About this exercise: Output the data unchanged and complete, minus the images.

Data excerpt:
*** Block opens ***

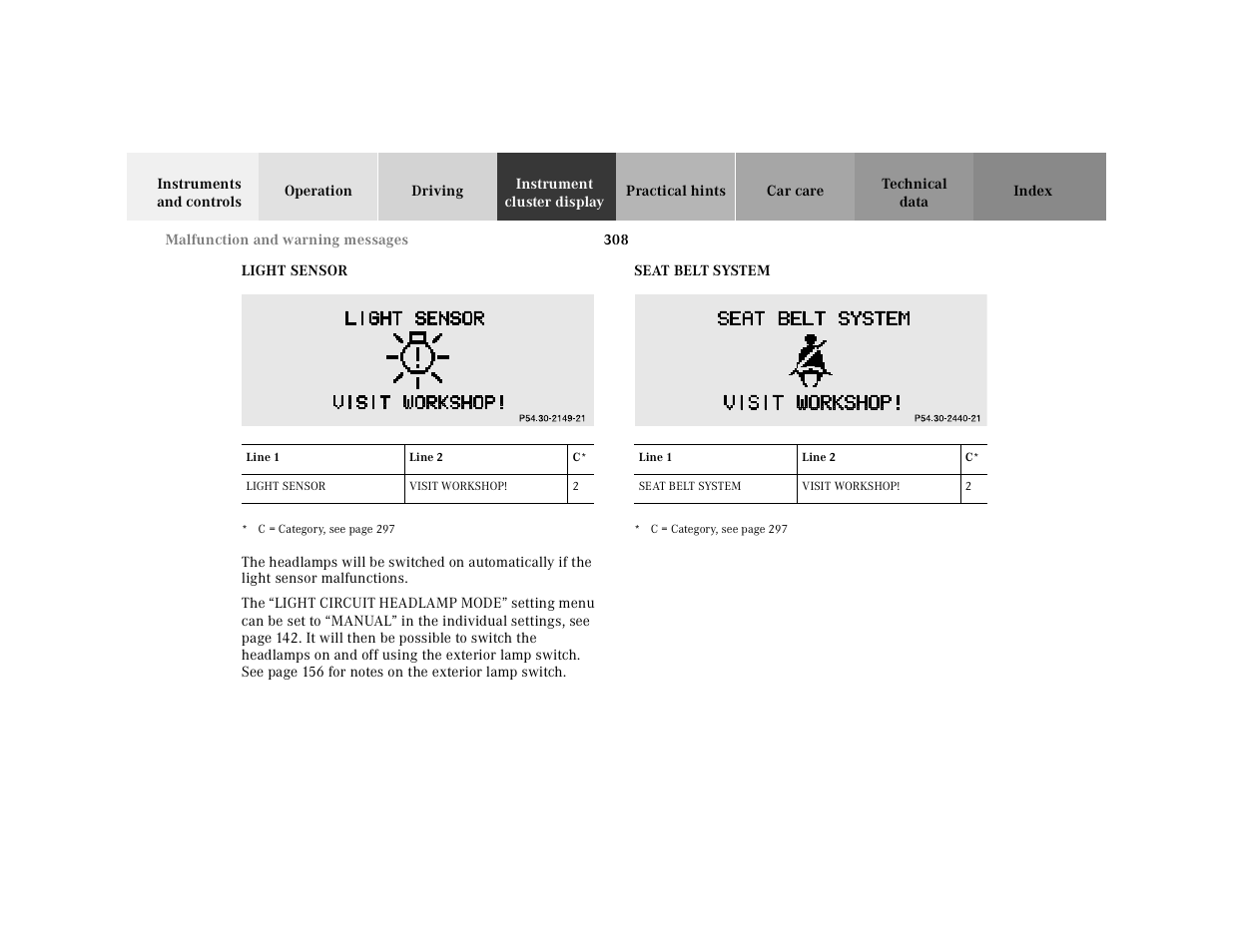 Light sensor, Seat belt system, Light sensor seat belt system | Mercedes-Benz 2001 CL 600 User Manual | Page 314 / 424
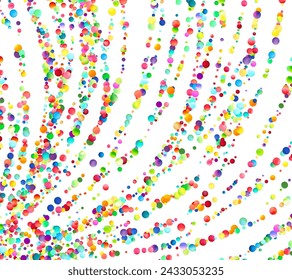 Una lluvia vívida de burbujas de colores del arco iris en cascada diagonalmente, creando un patrón vivo y efervescente sobre un fondo blanco.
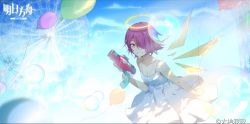 Rule 34 | 1girl, alternate costume, amusement park, arknights, bad id, bad pixiv id, balloon, blue sky, breasts, casual, chinese commentary, choker, cleavage, cloud, cloudy sky, copyright name, cowboy shot, dadijiji, day, detached wings, dress, exusiai (arknights), eyelashes, ferris wheel, grin, hair between eyes, hair over one eye, halo, highres, holding, holding water gun, logo, looking at viewer, medium breasts, outdoors, red eyes, red hair, short hair, sky, sleeveless, sleeveless dress, smile, solo, sunlight, water gun, watermark, white choker, white dress, wings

*** Block closes ***

Task response:
 Light sensor, Seat belt system, Light sensor seat belt system | Mercedes-Benz 2001 CL 600 User Manual | Page 314 / 424
 Una lluvia vívida de burbujas de colores del arco iris en cascada diagonalmente, creando un patrón vivo y efervescente sobre un fondo blanco.
 Rule 34 | 1girl, alternate costume, amusement park, arknights, bad id, bad pixiv id, balloon, blue sky, breasts, casual, chinese commentary, choker, cleavage, cloud, cloudy sky, copyright name, cowboy shot, dadijiji, day, detached wings, dress, exusiai (arknights), eyelashes, ferris wheel, grin, hair between eyes, hair over one eye, halo, highres, holding, holding water gun, logo, looking at viewer, medium breasts, outdoors, red eyes, red hair, short hair, sky, sleeveless, sleeveless dress, smile, solo, sunlight, water gun, watermark, white choker, white dress, wings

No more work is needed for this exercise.